Work to be completed
When you reach the records below, output every one exactly as written but leave out any pictures.

[Scraped caption text data]
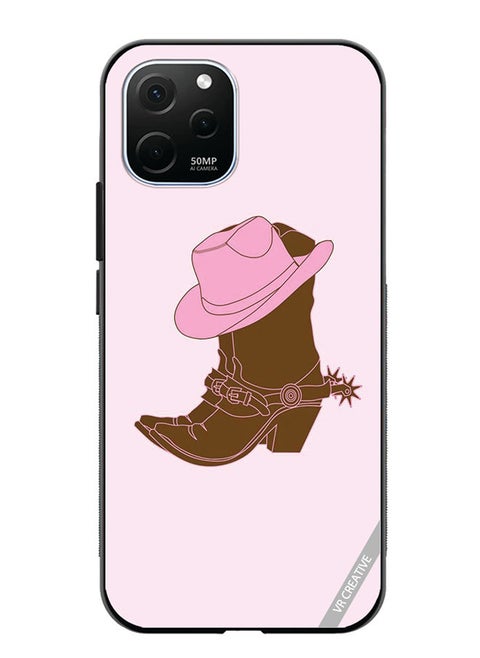 Protective Case Cover For Huawei Enjoy 50z Boots Design Multicolour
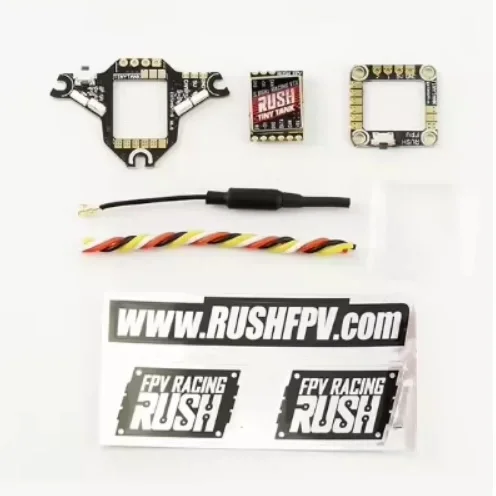 RUSH TANK RACE 2 TINY TANK 5V 48 Channels FPV Racing VTX Video Transmitter RC Part
RUSH TANK RACE 2 TINY TANK 5V 48 Channels FPV Racing VTX Video Transmitter RC Part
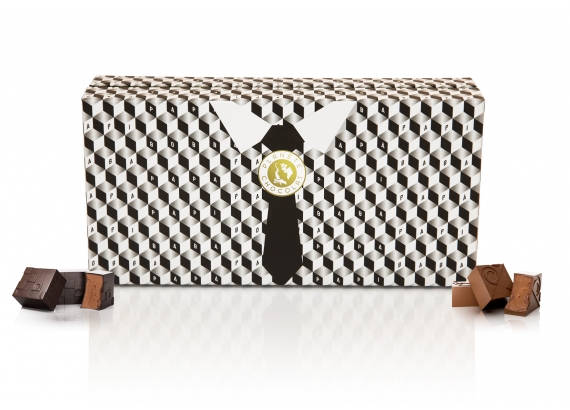 Boite de Chocolat pour Papa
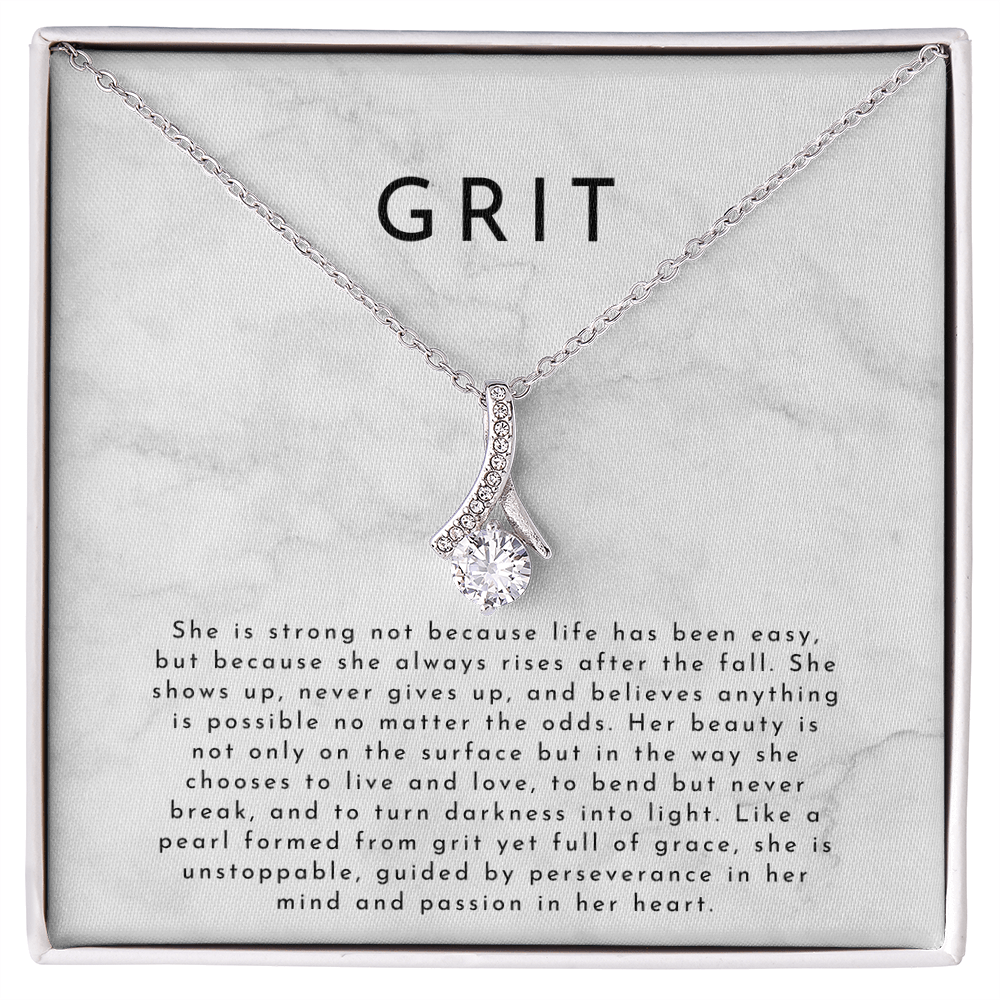 Grit Necklace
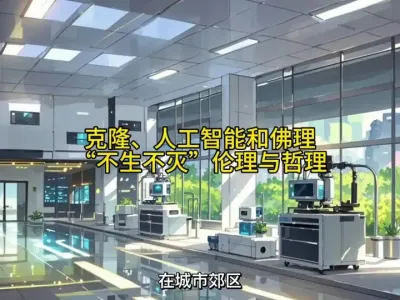 从科学到哲学，基因克隆、人工智能与佛教&ldquo;不生不灭&rdquo;#生命科学 #@云食界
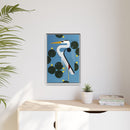 Herondipity Charley Harper Framed Giclee Print on Stretched Canvas-25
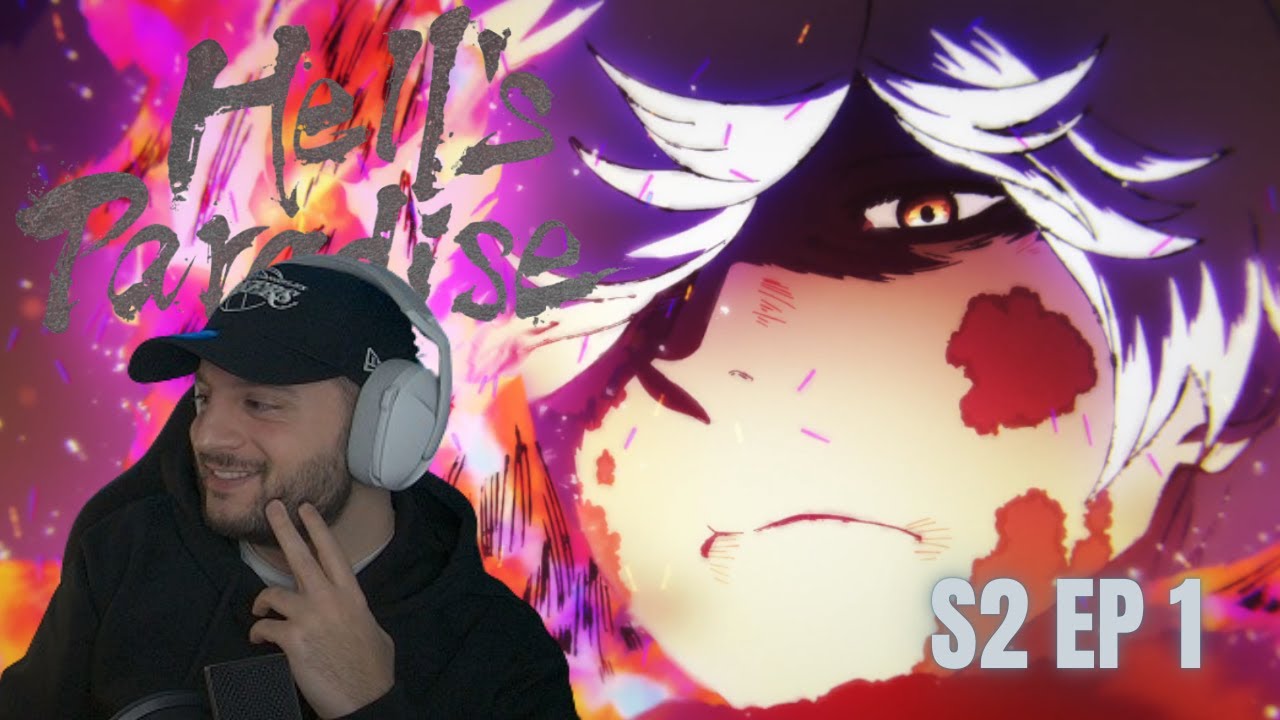 HELL'S PARADISE SEASON 2 EP 1 Reaction - Gabimaru's verzweifelter Kampf! 🔥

Output
 Protective Case Cover For Huawei Enjoy 50z Boots Design Multicolour
 RUSH TANK RACE 2 TINY TANK 5V 48 Channels FPV Racing VTX Video Transmitter RC Part
RUSH TANK RACE 2 TINY TANK 5V 48 Channels FPV Racing VTX Video Transmitter RC Part
 Boite de Chocolat pour Papa
 Grit Necklace
 从科学到哲学，基因克隆、人工智能与佛教&ldquo;不生不灭&rdquo;#生命科学 #@云食界
 Herondipity Charley Harper Framed Giclee Print on Stretched Canvas-25
 HELL'S PARADISE SEASON 2 EP 1 Reaction - Gabimaru's verzweifelter Kampf! 🔥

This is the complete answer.